I wish I could provide an answer to this mess. I wish I knew of a realistic way to get our troops home. But we are very limited in our options in my opinion. If we pull out immediately, it’s likely the Iraqi security forces will not be able to provide stability on their own. In that event, the new Iraqi government could possibly be overthrown. The other option would be to reduce our troop numbers and have a gradual pullout. That is very risky because it seems that even with the current number of troops the violence still continues. With a significant troop reduction, there is a strong possibility the violence and attacks on U.S. and coalition forces could escalate and get even worse. In my opinion, that is more of a certainty.
And then there is the option that President Bush brings to the table, which is to “stay the course.” That means more years of bloodshed and a lot more lives to be lost. Also, it will aggravate the growing opposition to the U.S. presence in Iraq throughout the region, and that could very well recruit more extremists to join terror organizations that will infiltrate Iraq and kill more U.S. troops.
So it does not seem to me we have a realistic solution, and that frightens me. It has become very obvious that we have a serious dilemma that needs to be resolved as soon as possible to end the ongoing violence in Iraq. But how do we end it, is the question.
We must always support the troops. If there were a situation in which the United States is attacked again by a legitimate enemy, they are the people who are going to risk their lives to protect us and our freedom.
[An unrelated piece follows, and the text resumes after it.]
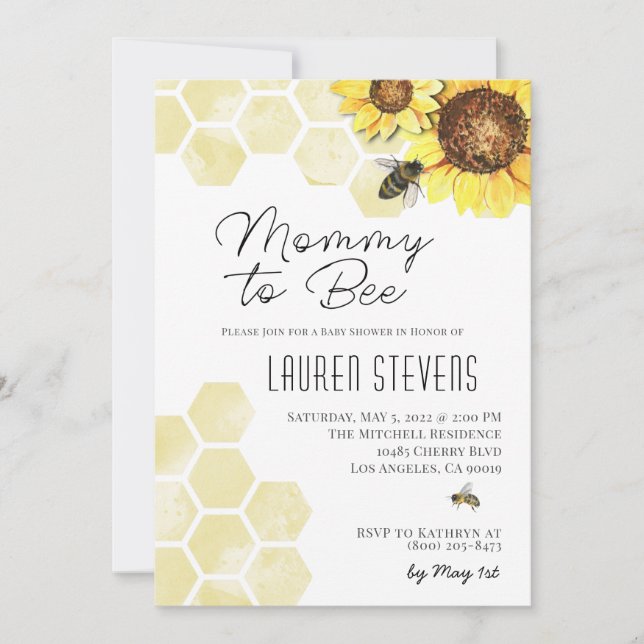 Mummy to Bee Baby Shower Invitation (Front)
In my opinion, the best way to support them now is to bring them home with the honor and respect they deserve.
In closing, I ask that we never forget why this war started. The Bush administration cried weapons of mass destruction and a link to al-Qaeda We know that this was false, and the Bush administration concedes it as well. As a soldier who fought in that war, I feel misled. I feel that I was sent off to fight for a cause that never existed. When I joined the military, I did so to defend the United States of America, not to be sent off to a part of the world to fight people who never attacked me or my country. Many have died as a result of this. The people who started this war need to start being honest with the American people and take responsibility for their actions. More than anything, they need to stop saying everything is rosy and create a solution to this problem they created.
Thank you for hearing me out. God bless our great nation, the United States of America.